Another of Born’s critiques is weightier. He suggests that under the Article 9(a) of the Convention, the courts of the chosen state have an unreviewable power to rule on the validity of the choice of court agreement. As Ribeiro-Bidaoui notes in his rejoinder, this argument is surprising insofar as we think courts should not generally second-guess arbitrators’ decisions about their own jurisdiction when the parties have committed the decision about jurisdiction to the arbitrators. But there is a more direct answer, too. The Convention provides a more-or-less standard list of grounds on which courts can refuse recognition and enforcement, including public policy. So it seems unlikely to me that “good” courts would feel to recognize the judgments of “bad” courts if the “bad” courts make a determination about their own jurisdiction that is so far out in left field as to raise questions about the fundamental propriety of the proceedings in the “bad” court.

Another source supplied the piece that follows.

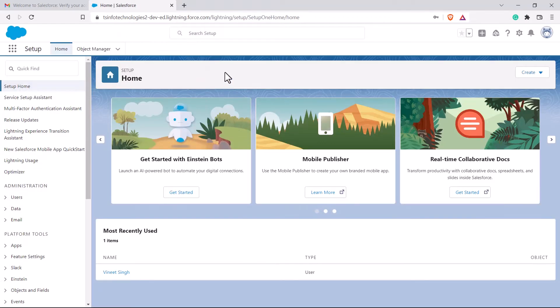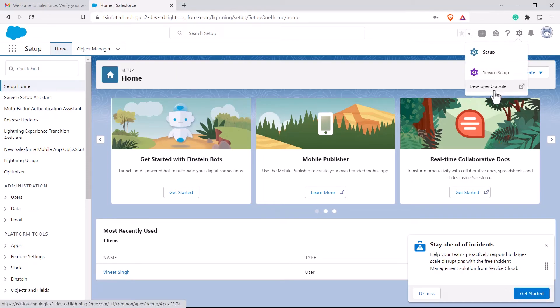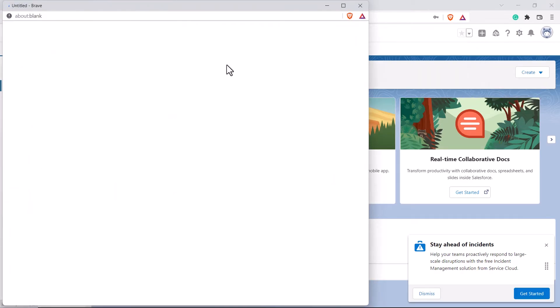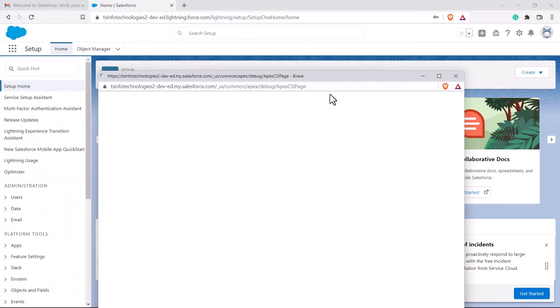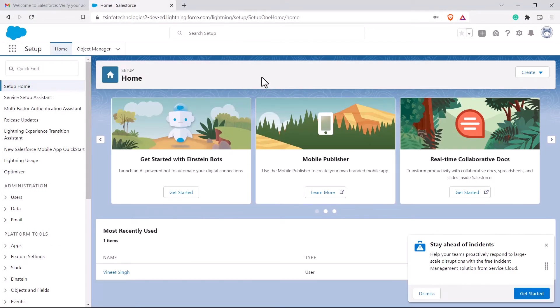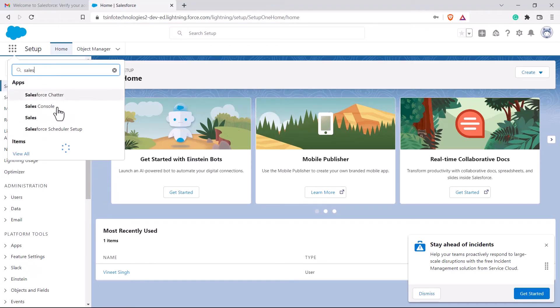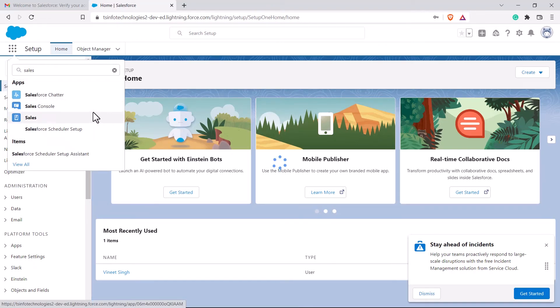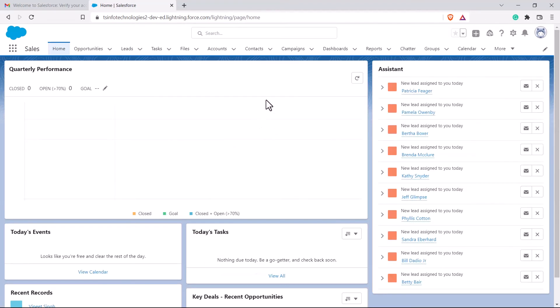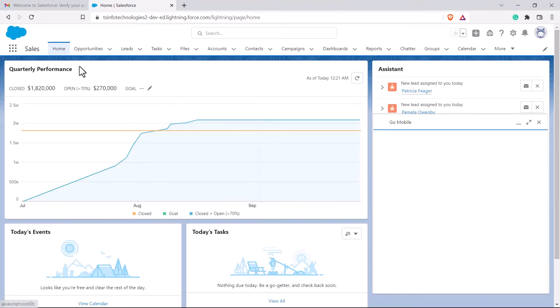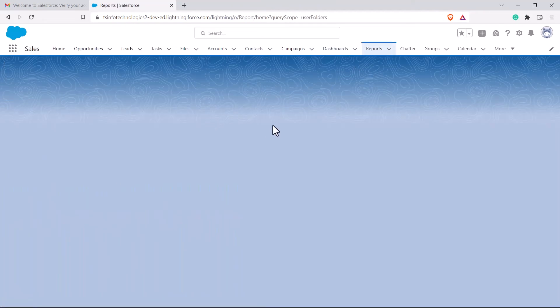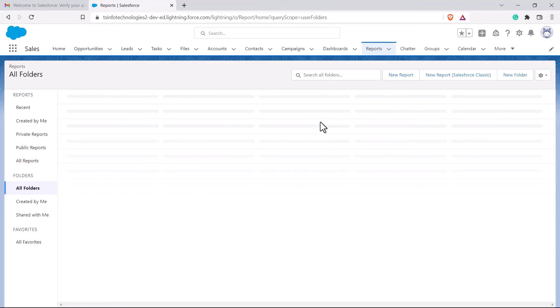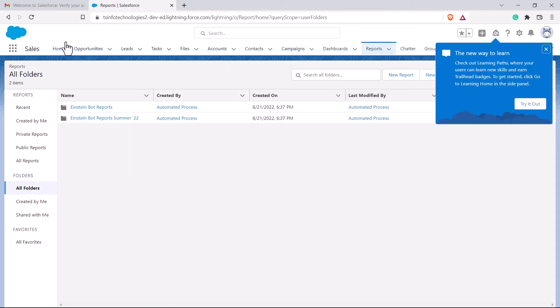So this is how the interface for developer account looks like. This is same as the regular one. So from here you can access the developer console. You can write your Apex code from over here. Other than that, you can access the apps from the app launcher. So let's go and check the sales. Developer account also provides a dummy data with it so that you can go ahead and learn it. So here we have a lot of data over here. So I can just go to the reports. And from folders, I can just see the reports that is already created.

One of the main advantages of arbitration over judicial litigation has always been ease of enforcement in light of the New York Convention. The Choice of Court Agreements Convention sets out to remedy this, and I think we ought to let the market decide. If Born is right and the risks of corruption, bad judging, etc., are too high, then parties simply will not make use of the Convention and will continue to turn to arbitration. But I suspect there are many parties that will favor litigation for all kinds of reasons, once they can be reasonably assured that a judgment from their chosen court will be enforced. And competition between courts and arbitration tribunals for litigants’ business can only be healthy. I hope we see widespread ratification, so that we can see how the natural experiment the HCCH has invited states and parties to undertake plays out.